Trump administration executes Lisa Montgomery, only female inmate on death row

Trump administration executes Lisa Montgomery, only female inmate on federal death row

Content warning: This article contains references to child sexual abuse.
Lisa Montgomery

Lisa Montgomery, the only female inmate on federal death row in the United States, was executed in the early hours of Wednesday morning (US time).

The 52-year-old received a lethal injection and was pronounced dead at a federal prison complex in Terre Haute, Indiana. Her execution marks the first time since 1953 that the US federal government has put to death a female prisoner.

Montgomery was the eleventh prisoner to be executed by lethal injection during Donald Trump’s time in office. He resumed federal executions last July following a 17-year period that saw no federal executions take place. Trump is a supporter of capital punishment.

In 2004, Montgomery strangled to death a woman who was eight months pregnant, before cutting out and kidnapping her baby, who survived the ordeal.

Her legal team said as a child Montgomery was subjected to “unspeakable torture” and sexual abuse, including gang rapes that seriously exacerbated her severe mental issues. The lawyers had called for her to serve life in prison, rather than face execution, and also asked for Trump’s clemency last week.

 

“Lisa’s abuse doesn’t excuse her crime. But it does provide an explanation for how she came to commit that crime, a context for trying to understand what otherwise might seem incomprehensible,” an open letter to Trump said.

In a scathing statement following the execution of Montgomery, Kelly Henry, Montgomery’s primary lawyer, said the prisoner had lost touch with reality in the days before her execution.

“The craven bloodlust of a failed administration was on full display tonight. Everyone who participated in the execution of Lisa Montgomery should feel shame,” the statement said.

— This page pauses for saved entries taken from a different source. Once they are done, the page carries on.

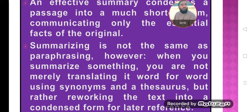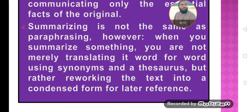Summarizing is not the same as paraphrasing. When we summarize something, we are not merely translating words — we are not searching for synonyms for all words. Rather, we are reworking the text into a condensed form, to summarize the main idea of the text in very few words.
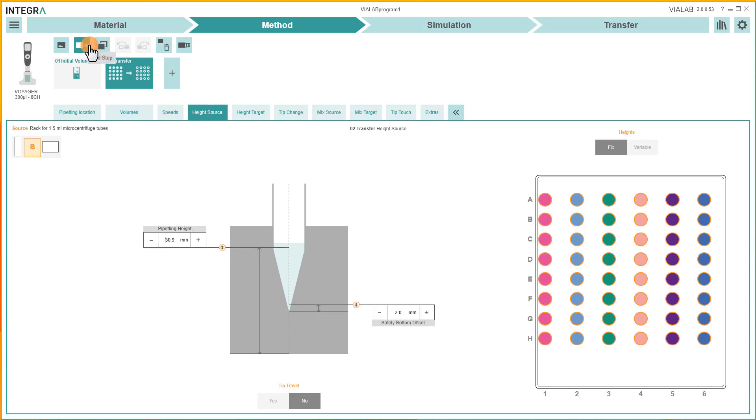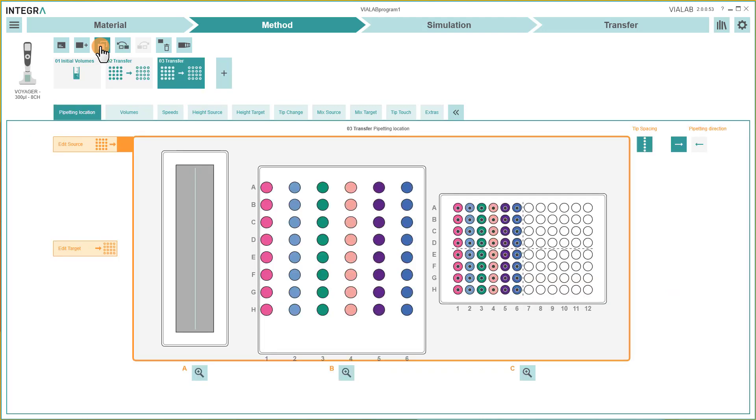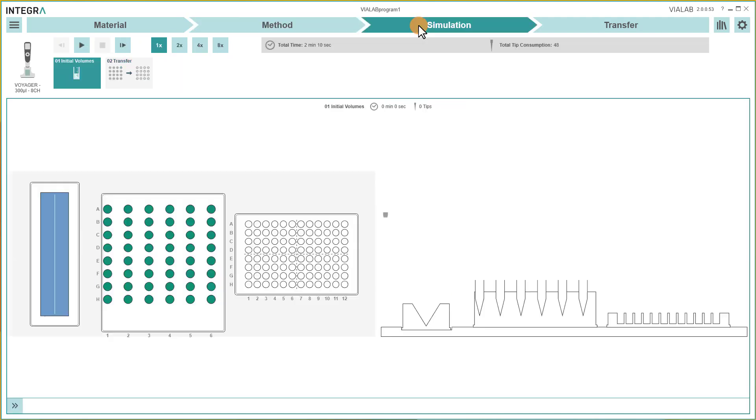Steps can be copied, deleted, or simply moved. By switching to Simulation, you can have a detailed look at your program running.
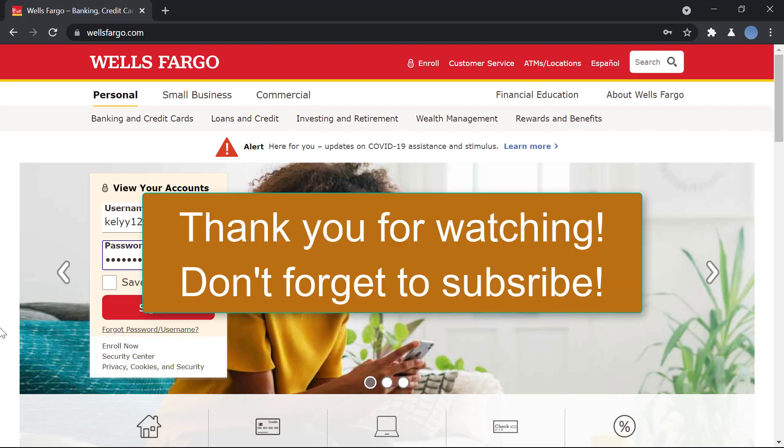Thank you so much for watching this video. Don't forget to subscribe to our channel for more videos like this and please leave a like.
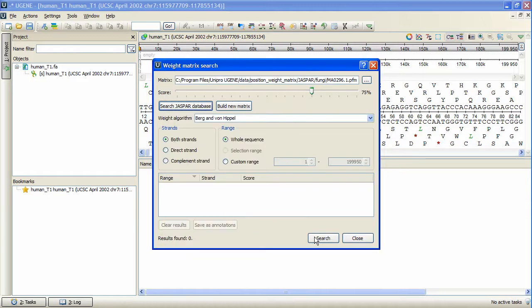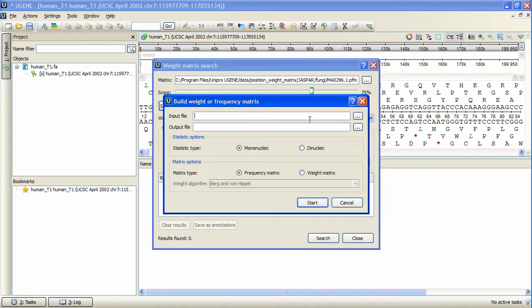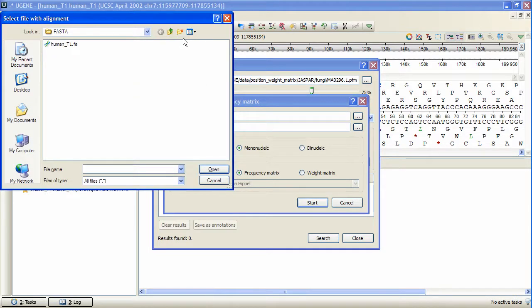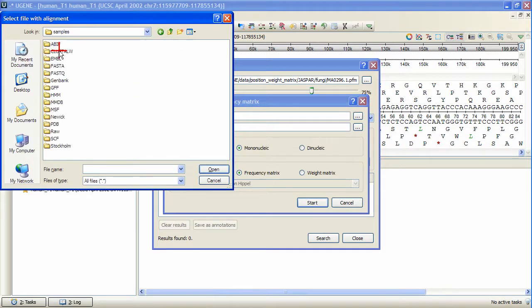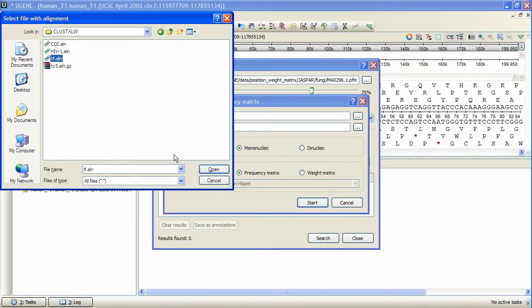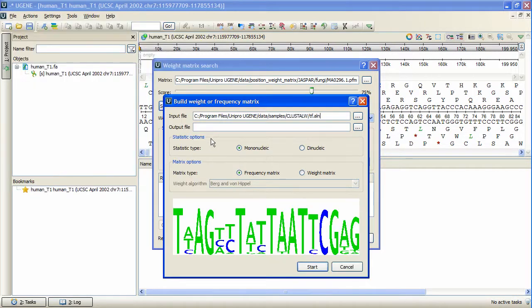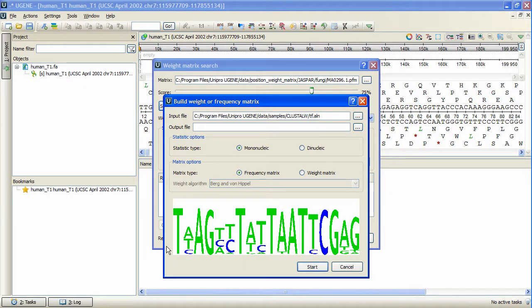The last way to choose a weight matrix is to create a specific one from an existing alignment. We press Build New Matrix and select certain alignment as the input. The alignment must contain no gaps. After the alignment is set, the alignment logo will appear at the bottom part of the dialog box, giving a representation of the selected alignment.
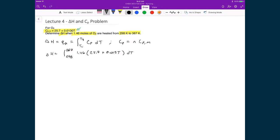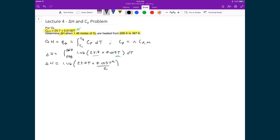In this case, we have functions of T in the integral. When we evaluate this integral, we get 1.46 times (25.7T plus 0.013T²/2), evaluated between 367 and 298.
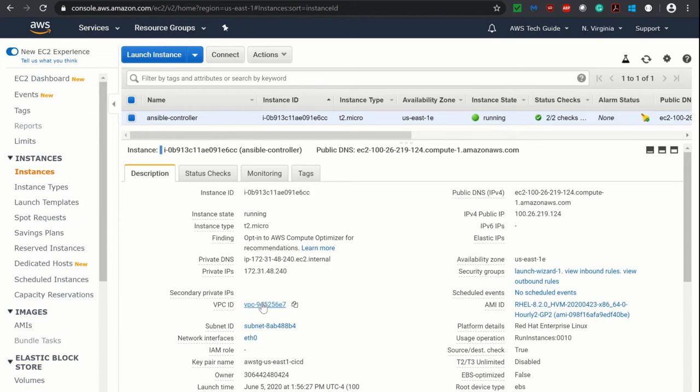Hello there, welcome to AWS Tech Guide session. Today we'll learn how to run an Ansible Playbook to install JDK as well as configure Tomcat in an Azure Virtual Machine.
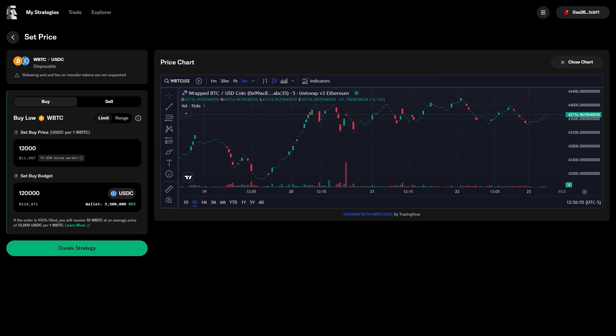in this case, 120,000 USDC, representing a buy of 10 Bitcoin. From here, it's as simple as clicking create strategy, and then waiting some time for the Bitcoin ETFs to get rejected for your orders to be filled.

“No one disagrees that Mrs. Montgomery was the victim of unspeakable torture and sex trafficking. No one can credibly dispute Mrs. Montgomery’s longstanding debilitating mental disease…Our Constitution forbids the execution of a person who is unable to rationally understand their execution.

“The current administration knows this. And they killed her anyway.”

Henry said the execution should be seen as “the vicious, illegal and unnecessary use of authoritarian power.”

“Lisa was much more than the tragic crime she committed, a crime for which she felt deep remorse before she lost all touch with reality in the days before her execution.”

The US Supreme Court outlawed the death penalty at a state and federal level in 1972 but reversed the decision four years later.

Montgomery was one of three prisoners scheduled to be executed in the final week of the Trump administration. The other two have been postponed by a federal judge, to allow the prisoners to recover from COVID-19.